Relatedly, a local restaurant has a couple of counterfeit bills tacked to the wall. And the counterfeits are not very good - the paper and reproduction quality are terrible, but they did go to some surprising efforts to superficially reproduce a few security features, such as the security strip and the watermark. I don’t recall exactly, but I think they just outright printed the watermark on the back so you could see it when you held the bill up to light. It was obvious but only if you turned the bill over. And people tend to do counterfeit checks on bills from the front for some reason. I guess because the treasury puts all the key security features on the front which may be kind of silly.
I dunno…when he told me it was fake I asked for it back and he said he was required to confiscate it. I didn’t necessarily want to keep it but was just curious to inspect it again closer. It was obviously deliberately distressed paper and partially ripped and I remember thinking it was on it’s last legs in circulation. Must have been a relatively high quality fake in terms of the graphics because I was certainly fooled having it in my wallet for a couple of weeks.

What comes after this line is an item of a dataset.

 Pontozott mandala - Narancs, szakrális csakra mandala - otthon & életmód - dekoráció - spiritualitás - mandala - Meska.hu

That freakin’ Big Mac ended up costing me almost $30!
I think getting it from a trusted source really makes a difference. I read about someone who pulled out a bunch of cash from their bank before going on safari only to discover that it was counterfeit once they were out of the country, and had no recourse against their bank for giving them a crap load of counterfeit currency.

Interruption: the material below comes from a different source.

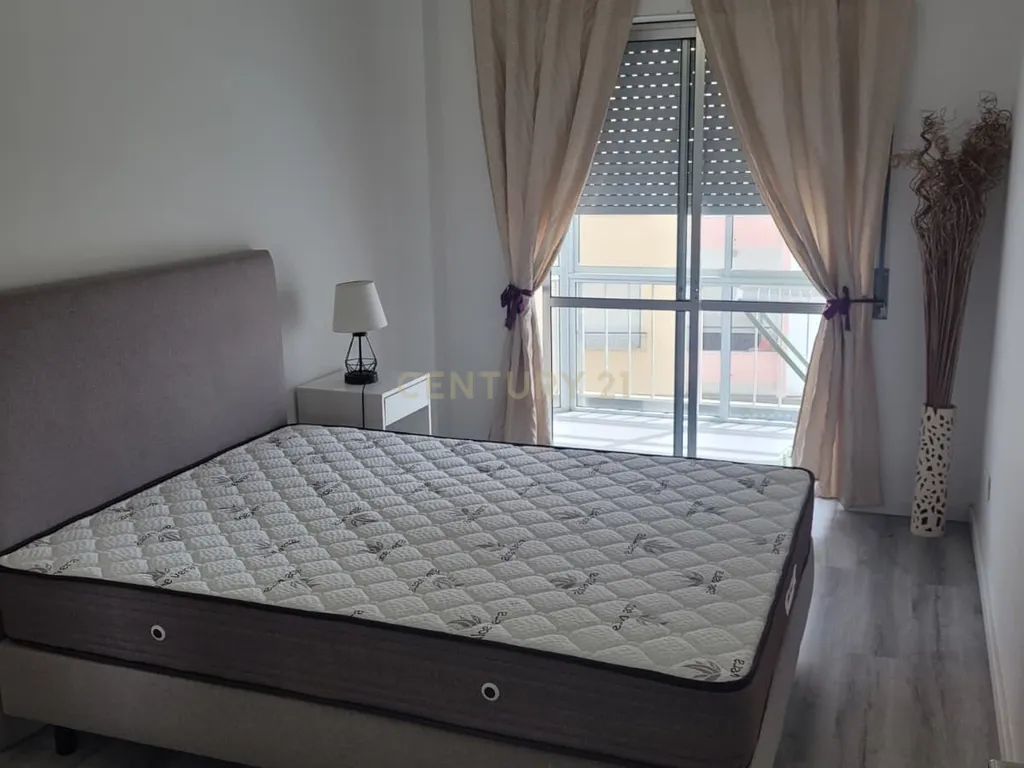 Apartamento T3 em Setúbal - Localização Central e Aconchegante - Image 7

Last time I was in Bank of America I noticed that the tellers now all have automated cash counters, which I assume also have some basic anti-counterfeit detection. Hopefully those result in more accurate transactions with customers.
I’ve read that CDS does not rely on the constellation.
Either way I have read about photocopy machine repair technicians who have to make service calls when anti-counterfeitting measures are triggered and shut machines down with an error code, leaving the last scan in memory as evidence.
Your friend could easily have gotten caught and fired at the very least, let alone prosecuted for counterfeiting.
I’m surprised they didn’t mention CGI as a current method. Does the Secret Service also raise objections to there being a digital file of the $100 bill?
TV/Movies also have the same issue when any scene that involves poker chips, be it a home game or a casino. The chips are invariably shoddy looking.
“All negatives, plates, positives, digitized storage medium, graphic files, magnetic medium, optical storage devices, and any other thing used in the making of the illustration [of US currency] that contain an image of the illustration [of US currency] or any part thereof shall be destroyed and/or deleted or erased after their final use in accordance with this section.”